More than fifty banks have been formed under this act, and thirty-nine belong to the confederacy. Some of the banks over whose charters the state has reserved a plenary control, are by the act permitted to join it. It is said "that the whole of this act is to be taken; the purpose of the act and the time of the act. It is a unit." It will not be contended that the fifty-first section of this act, by which this multitude of banking companies are adjudged to be corporations, with succession for twenty years, places every other relation established by the act, beyond the legislative domain for the same period of time. For there are in the act measures designed for organization and arrangement for the convenience and benefit of the corporators only; there are concessions creating hopes and expectations out of which rights may grow by subsequent events; there are sections which convey present rights, or from which rights may possibly arise in the form of a contract; there are others which enter into the general system of administration, affect the public order, and tend to promote and common security. Some of these provisions may be dispensed with by those for whose exclusive benefit they were made.
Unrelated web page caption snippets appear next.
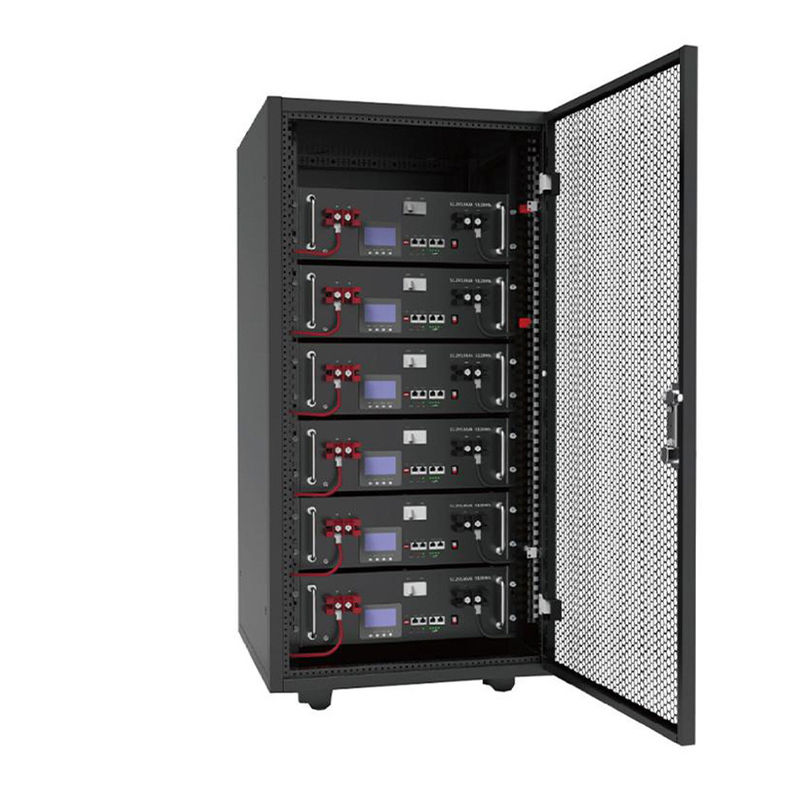 Dostosowana bateria słoneczna do montażu w stojaku 51,2 V 100-600ah System magazynowania energii LiFePO4 Batte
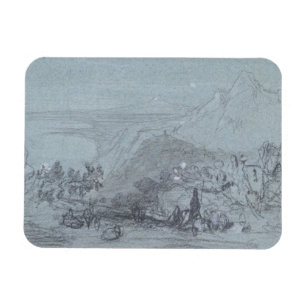 Taormina från "beskådar av Sicily" (krita & Magnet
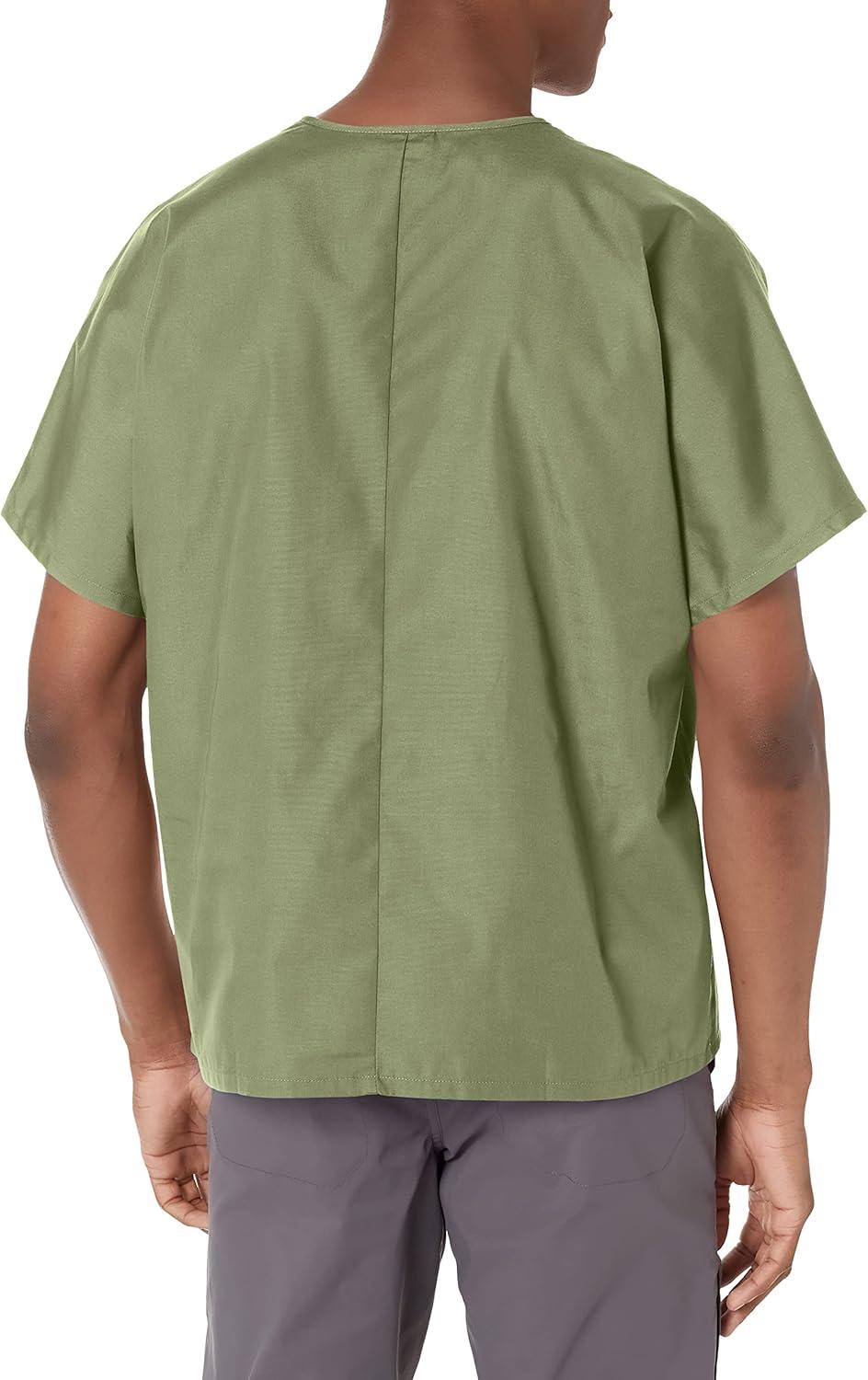 imageCherokee Scrubs for Women and Men Unisex VNeck Tunic Nursing Scrub Top with Chest Pocket Tuckable Durable Fabric 4777Olive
Some may be altered, modified, or repealed, to meet other conditions of the public interest, and some perhaps may not be alterable except with the consent of the corporators themselves. To determine the class to which one enactment or another belongs, we are referred to those general principles I have already considered. In this act,

Page 57 U. S. 415

of seventy-five sections, which organizes a vast machinery for private banking, which directs the delicate and complex arrangements for the supply of a paper currency to the state, and determines the investment of millions of capital, we find this sixtieth section. The act is enabling and permissive. It makes it lawful for persons to combine and to conduct business in a particular manner. It forms no partnership for the state, compels no one to embrace or to continue the application of industry and capital according to its scheme. It grants licenses under certain conditions and reservations, but is nowhere coercive. Among the general regulations is the one which directs the banks at the end of every six months to ascertain their net profits for the six months next preceding and to set apart six percent for the state in the place of the other taxes or contributions to which they would be liable. But the legislature imposes no limit to its power, nor term to the exercise of its will, nor binds itself to adhere to this or any other rule of taxation.
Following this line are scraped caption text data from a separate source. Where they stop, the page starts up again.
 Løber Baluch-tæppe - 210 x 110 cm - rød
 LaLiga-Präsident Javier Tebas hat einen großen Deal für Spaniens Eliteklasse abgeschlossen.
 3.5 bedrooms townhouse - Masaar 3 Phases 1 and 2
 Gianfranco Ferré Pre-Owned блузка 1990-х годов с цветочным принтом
The subject affects the public order and general administration. It is not properly a matter for bargain or barter, but the enactment is in the exercise of a sovereign power, comprehending within its scope every individual interest in the state. It is a power which every department of government knows that the community is interested in retaining unimpaired, and that every corporator understood its abandonment ought not to be presumed in a case in which the deliberate purpose to abandon it does not appear.

I have sought in vain in the sixtieth section of the act, in the act itself, and in the legislation and jurisprudence of Ohio, for the expression of such a deliberate purpose.

My opinion is that the Supreme Court of Ohio has faithfully applied the lessons inculcated by this Court, and that its judgment should be affirmed.

Order

This cause came on to be heard on the transcript of the record from the Supreme Court of Ohio, and was argued by counsel. On consideration whereof, it is now here ordered and adjudged by this Court that the judgment of the said Supreme Court of Ohio in this cause be, and the same is hereby reversed with costs, and that this cause be and the same is hereby remanded to the said Supreme Court of Ohio for further proceedings to be had therein in conformity to the opinion of this Court.